D'autres critiques semblent  un peu plus légitimes: 

  • un commandement (surtout à l'échelon de la brigade et au dessus) qui ne semble pas être à la hauteur, si bien qu'il n'y a jamais eu de coordination des assauts au dessus de l'échelon "bataillon" et que certains commandants ukrainiens sont accusés d'avoir sacrifié la vie de leur troupes pour rien. D'un autre côté, quelles que soient les guerres, on trouve toujours des officiers incompétents et/ou des mauvaises décisions prises, on ne peut pas exiger des Ukrainiens qu'ils ne commettent aucune erreur et les plans occidentaux doivent prendre en compte le fait que des erreurs tactiques peuvent être commises
  • une concentration des forces insuffisantes: même si, comme on l'a vu dans la première partie, les Ukrainiens n'ont pas dispersé leurs efforts autant que les Russes, ils ont quand même attaqué dans plusieurs directions alors qu'ils n'avaient peut-être les moyens d'attaquer que dans une seule. Cependant, si la théorie militaire fait de la concentration des forces un des principes de bases pour réussir une attaque, on peut se demander si ce principe est toujours pertinent à l'ère des drones qui voient tout à des kilomètres. Russes comme Ukrainiens évitent au possible de concentrer les forces et la "densité" des forces sur le front est beaucoup plus faible dans cette guerre que durant les deux guerres mondiales. 

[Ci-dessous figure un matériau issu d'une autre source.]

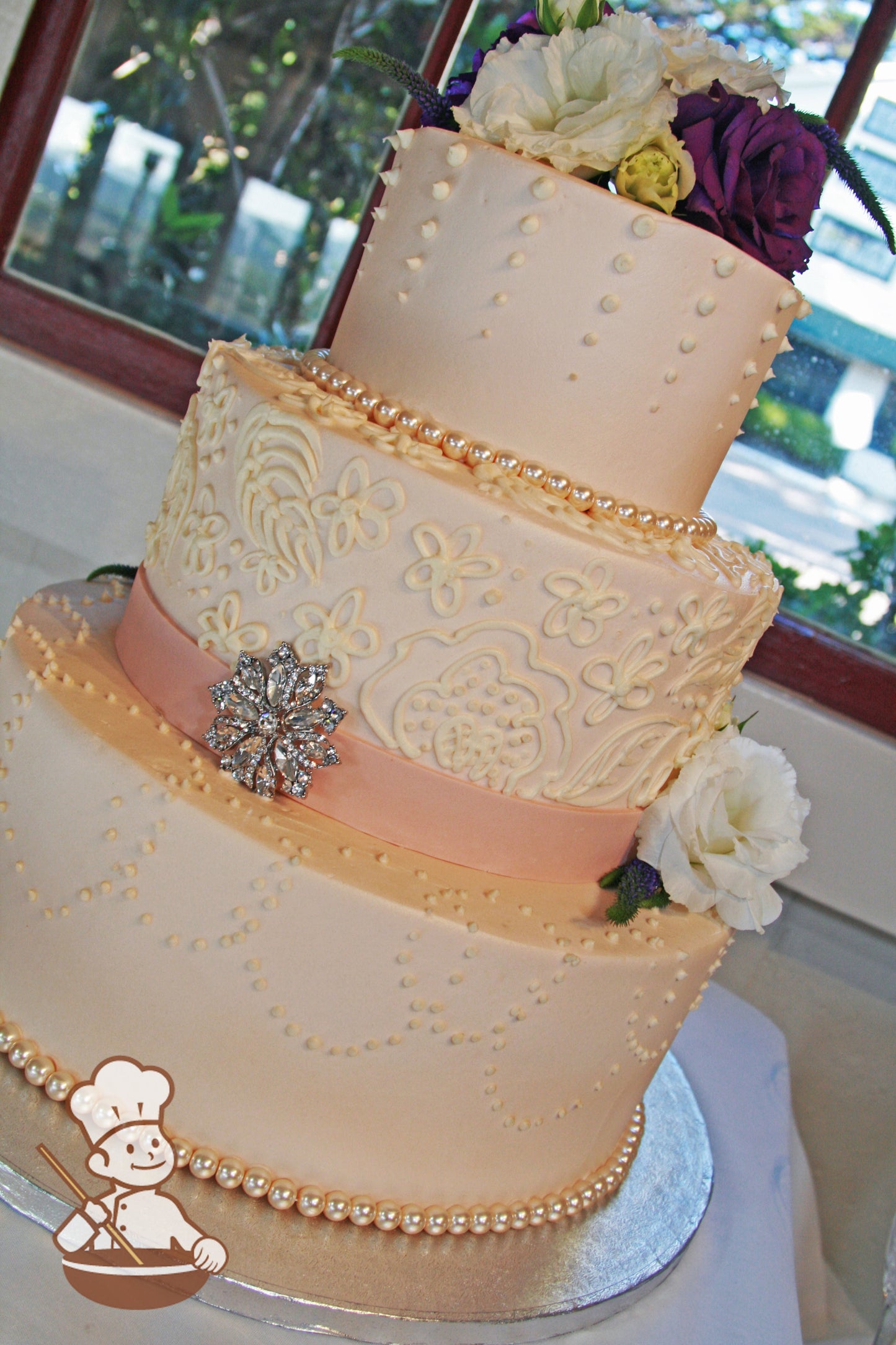 3-tier cake with smooth white icing and decorated with different white buttercream piping's and a light-pink fondant band and pearl beads.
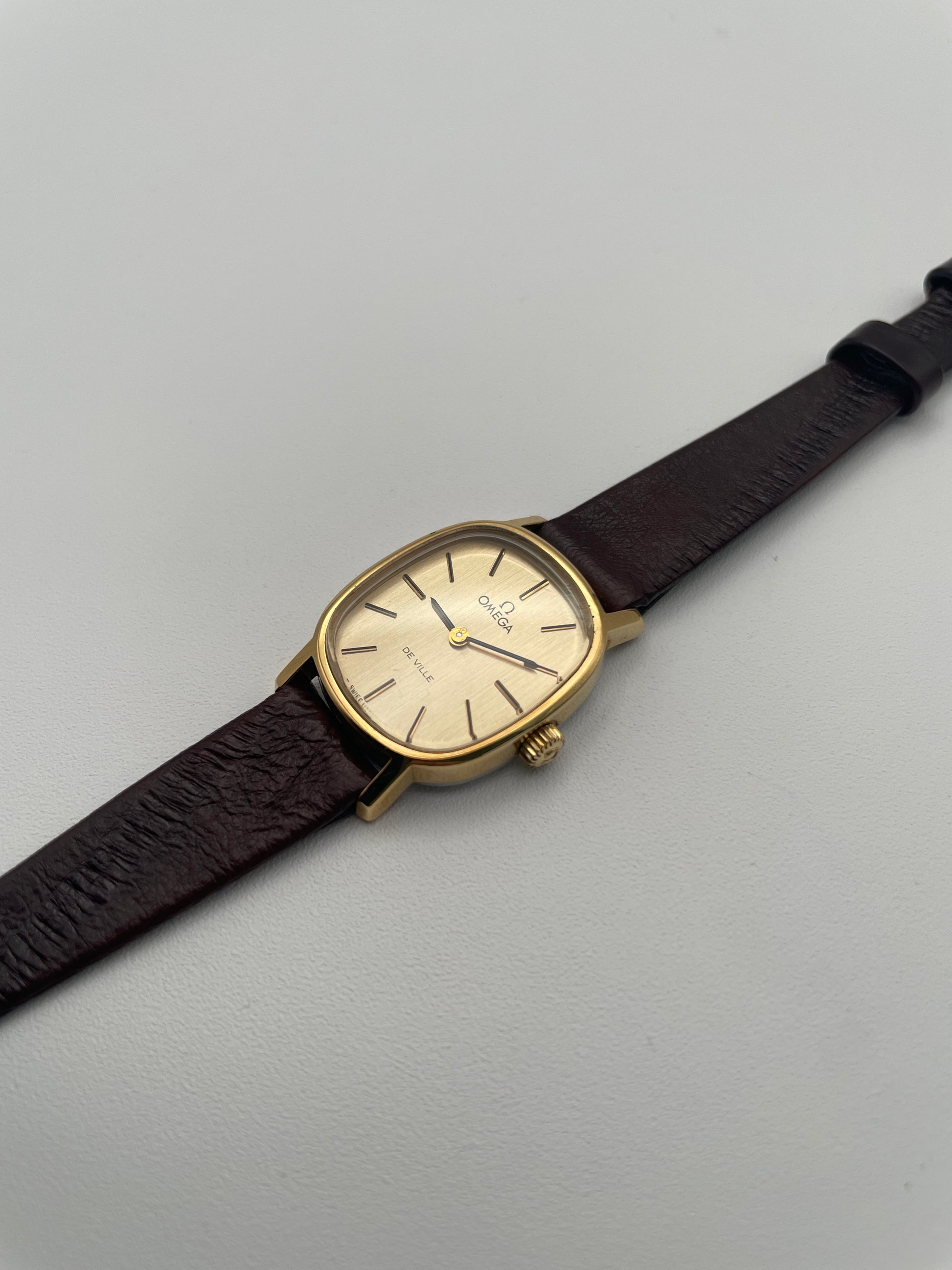 Diagonal view of the Omega De Ville 511.0509 watch, showing the thin profile and gold-tone crown.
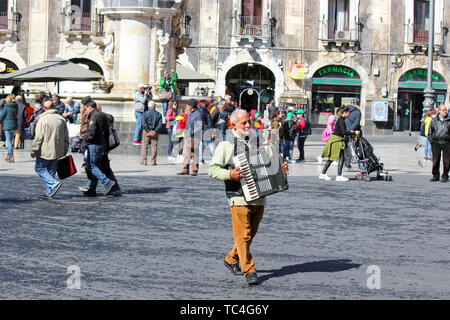 Catania, Sizilien, Italien - Apr 10 2019: älterer Mann Gaukler spielen Akkordeon auf der Piazza Duomo im Zentrum der Stadt. Kulturelle Straße Leistung. Stockfoto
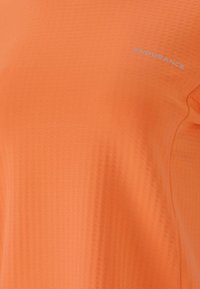Orange Sportshirt mit strukturiertem Gewebe und einem dezenten Muster sowie einem kleinen "ENDURANCE"-Logo in Hellblau auf der Brust.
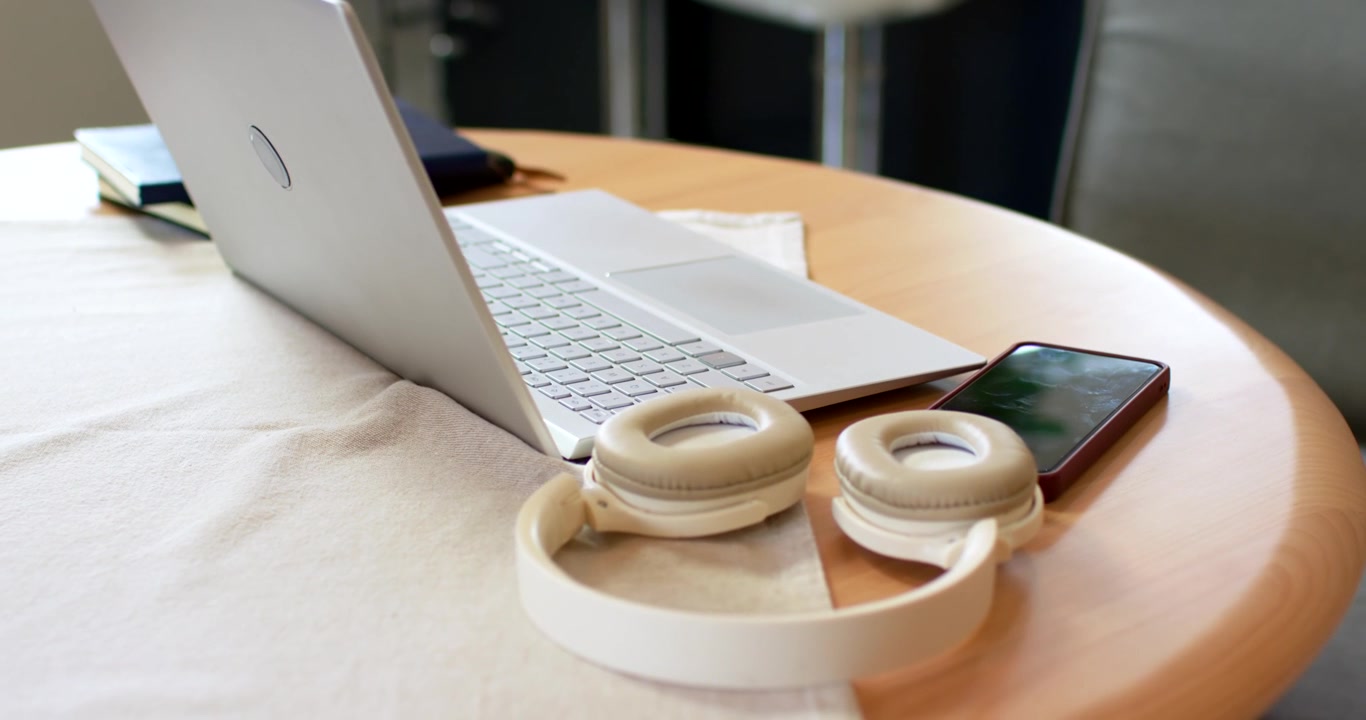 Camera is pulling in, focusing headset; laptop, red-phone blurring on table to highlight headset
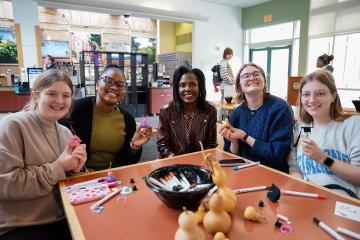 Simmons President Lynn Perry Wooten with a group of students at fall fest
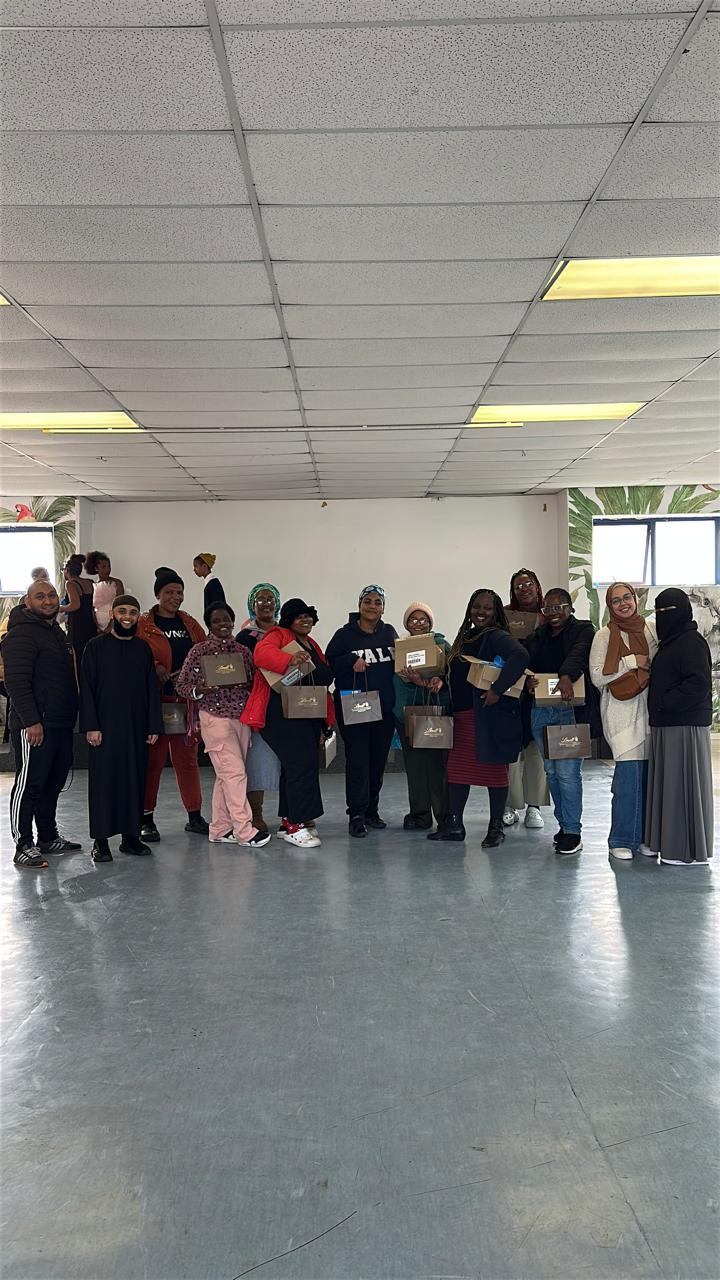 Community members holding food and gift parcels distributed by DailyDawahs during a LightUpLives outreach in Cape Town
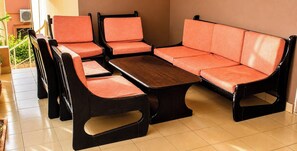 A room with a sofa set, a coffee table, and chairs. - Residence Diane (Ouagadougou)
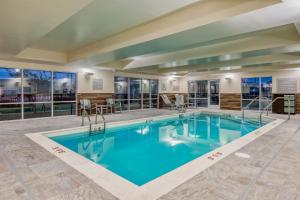 - une piscine d'eau bleue dans un bâtiment dans l'établissement TownePlace Suites by Marriott Indianapolis Airport, à Indianapolis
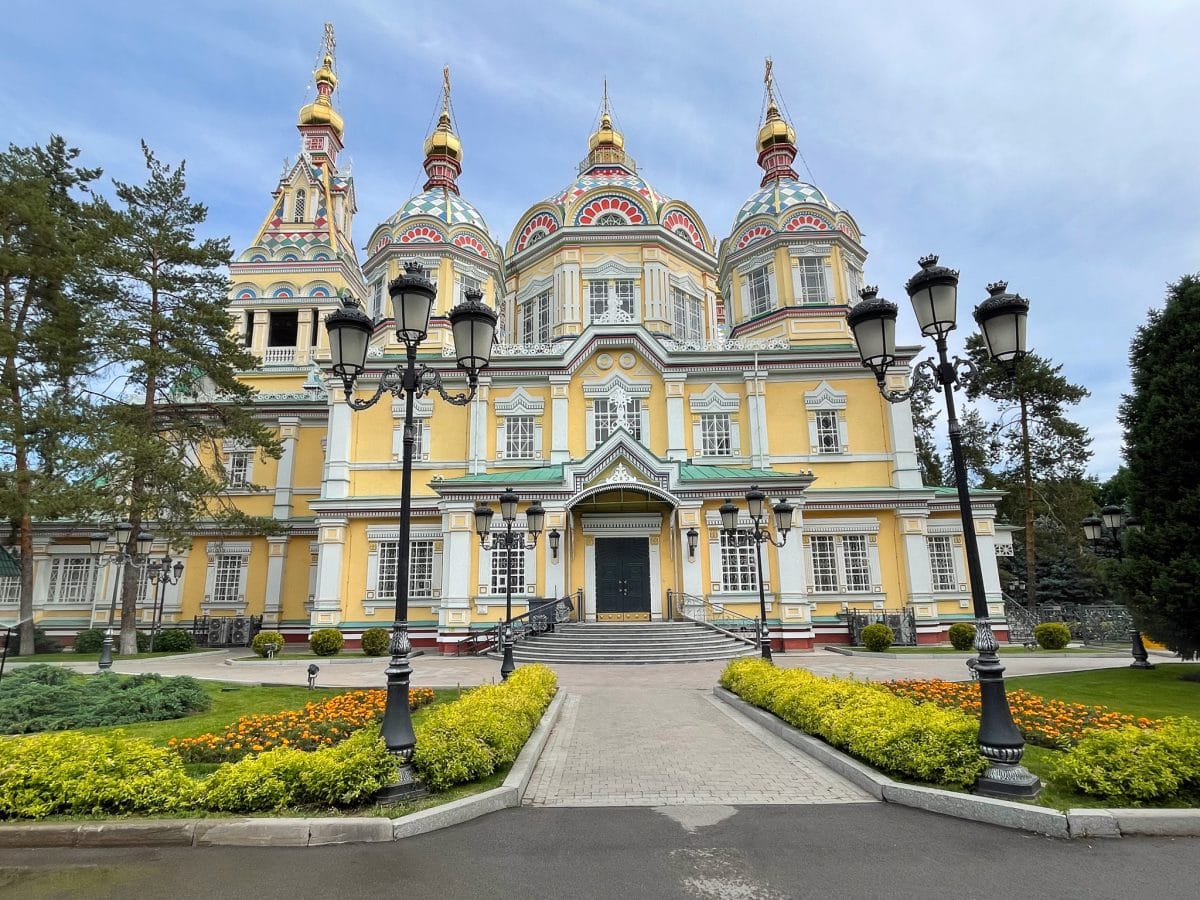 the yellow exterior of Zenkov Cathedral in Almaty, Kazakhstan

Les critiques que l'on fait généralement aux Ukrainiens sont donc, sinon fausses, a minima très discutables et il faut prendre en compte le contexte et se demander si les Ukrainiens auraient pu réellement faire mieux. En revanche, les erreurs des Occidentaux sont elles maintenant tellement évidentes qu'elles crèvent les yeux. Parmi les erreurs les plus flagrantes:

  • le refus des USA de livrer des ATACMS avant la contre-offensive a permis aux Russes d'utiliser leurs hélicoptères d'attaque, et donc de repousser les premières attaques mécanisées ukrainiennes avant même que celles-ci atteignent les lignes russes. Quand les premiers ATACMS ont été livrés, en octobre 2023, ils ont fait un carnage sur les héliports russes, et depuis on ne voit plus guère les hélicoptères d'attaque russe sur le front.
  • l'entraînement des troupes ukrainiennes par l'OTAN a été très insuffisant. En particulier, les instructeurs n'ont pas du tout pris en compte l'utilisation des drones, qui ont complètement changé la manière de combattre et les dangers du champ de bataille.
  • le nombre de munitions livrées a été insuffisant; ainsi, les Européens n'ont jamais tenu leur promesse de livrer 1 million d'obus en 1 an (ils n'en n'ont livré qu'un tiers environ) et le ralentissement (à partir du 7 octobre 2023) puis l'arrêt de l'aide américaine expliquent en grande partie l'arrêt des opérations offensives ukrainiennes et leurs difficultés sur le terrain, jusqu'à maintenant.
  • en plus des munitions, c'est l'ensemble du matériel (blindés, artilleries, DCA, etc) qui a été livré dans des quantités insuffisantes, et souvent avec tellement de retard que les Russes avaient tout le temps de s'y adapter.
     

Outre les erreurs des Ukrainiens et des Occidentaux, c'est la qualité des défenses russes, bien plus fortes qu'anticipées, qui explique les échecs ukrainiens dans le sud. Le sud a été tellement miné que, même un an plus tard, les offensives dans le secteur sont très limitées (et consistent, pour les Russes, à simplement essayer de regagner le terrain perdu à l'été 2023). Certains analystes, comme Guillaume Ancel, ont  suggéré que début octobre 2023, les Ukrainiens y étaient presque, et qu'il s'en est fallu de peu pour qu'ils réussissent à percer la "digue" russe. Je n'ai rien vu qui justifie cette opinion. Certes, la première ligne  de défense russe avait été franchie (ou seconde, selon la façon de compter). Mais derrière, il y avait encore 2 ou 3 lignes de défenses à franchir avant de simplement atteindre Tokmak. La prise de cette ville aurait ensuite été loin d'être facile, et même si cette ville est stratégique (le chemin de fer du "pont terrestre" vers la Crimée passe par là), le "pont terrestre" en lui-même n'aurait pas été coupé. Les Ukrainiens étaient très très loin de réussir.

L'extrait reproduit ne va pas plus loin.